In this book, to be released in autumn 2020, Peter Rolfe examines the life and work of one of the great Victorian/Edwardian angler-authors. There is a carefully researched biography and bibliography together with a generous selection of extracts from his writing in books and the Fishing Gazette, providing a more complete picture of this famous man than has previously been available.
I wrote about 'The Trent Otter' just because he was such an interesting character. He clawed himself up the social ladder, starting from an impoverished childhood and very limited education, reinventing himself as a rod-maker, angling guide, popular speaker and prolific writer. He became famous.
He set out to instruct young and inexperienced working class anglers and in the process described his fishing experiences just like a Victorian David Attenborough. He takes us fishing with him in the Fens, on the Trent and the Witham and later the Great Ouse and the Thames, introducing us to his friends and sharing his fascination with wildlife and the environment.
Sadly, I couldn't find a single mention of crucians in anything that Martin wrote. He does talk about small carp, though, in a Fenland lake called 'Jackson's Pit' and sometimes people mistook the two species then, just as they do now, so perhaps he did catch some. His favourite fish, though, swam in rivers: barbel, chub, roach and pike, but he mentions others along the way.
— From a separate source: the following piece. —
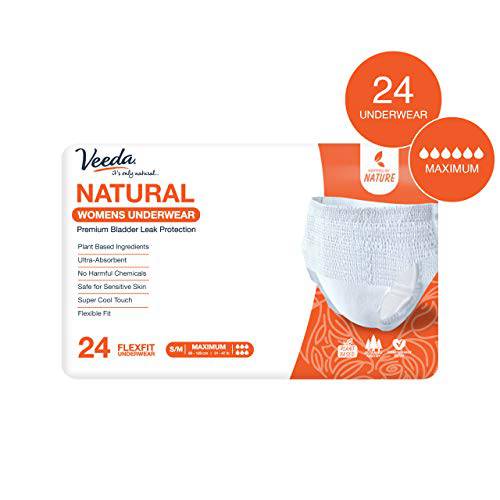 Veeda Natural Premium Incontinence Underwear for Women, Maximum Absorbency,  Large Size, 24 count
He wrote lots of books, all collectable and expensive now, but reprints are available and I try to give a guide to all this in my book. Anyone interested in the history of angling and old tackle will find him well worth reading.
I've become so interested in him and his life that I've started to write "The Trent Otter" – the Novel. That should keep me busy for a year or two! The biography in the Medlar book, though, is strictly factual!